Highly Dispersed ZnSe Nanoparticles Embedded in N-Doped Porous Carbon Matrix as an Anode for Potassium Ion Batteries

Advanced nanostructured functional materials obtained from the precursors of metal-organic frameworks show several unique advantages, including plentiful porous structures and large specific surface areas. Based on this, designed and constructed are highly dispersed ZnSe nanoparticles anchored in a N-doped porous carbon rhombic dodecahedron (ZnSe@NDPC) by a sequential high-temperature pyrolysis and selenization method. The specific synthesis process involves a two-step heat treatment of the template-engaged reaction between zinc-based zeolitic imidazolate framework (ZIF-8) and selenium power.
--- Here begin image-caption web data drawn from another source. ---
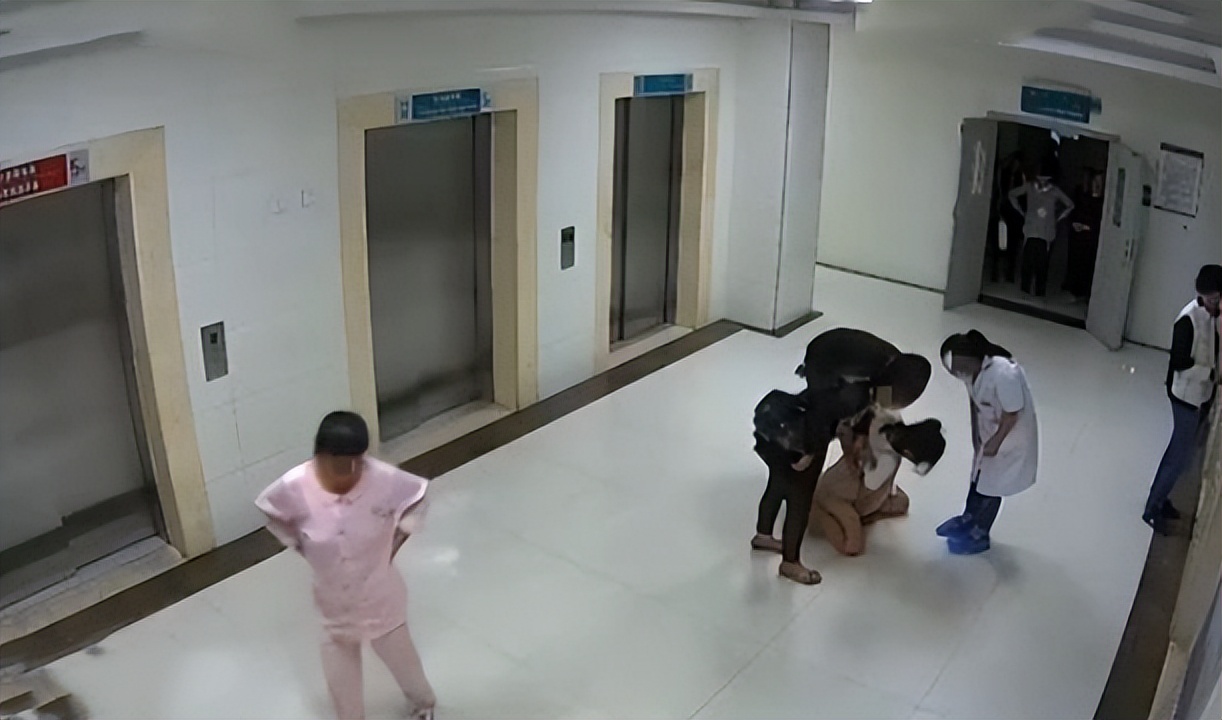 回顾陕西一孕妇跳楼身亡,一尸两命,丈夫一句话让多少父母心慌慌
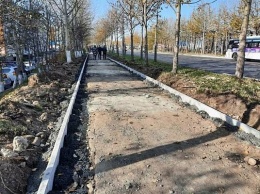 В Петропавловске-Камчатском ремонтируют тротуар на проспекте Таранца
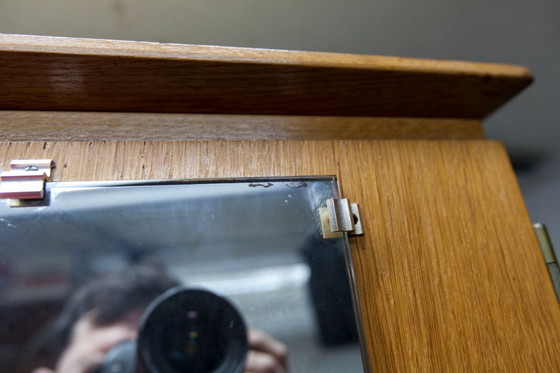 Image 1 of Französischer Kleiderschrank mit geschwungenen Beinen, 3 Türen, 1 Spiegel (27 x 130 cm) und 1 Schublade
By optimizing the calcination temperature, the as-synthesized ZnSe@NDPC-700 as an advanced anode of potassium ion batteries demonstrates the best electrochemical performance, including a high capacity (262.8 mA h g(-1) over 200 cycles at 100 mA g(-1)) and a good rate capability (109.4 mA h g(-1) at 2000 mA g(-1) and 52.8 mA h g(-1) at 5000 mA g(-1)). Moreover, the capacitance and diffusion mechanisms are also investigated by the qualitative and quantitate analysis, finally accounting for the superior K storage.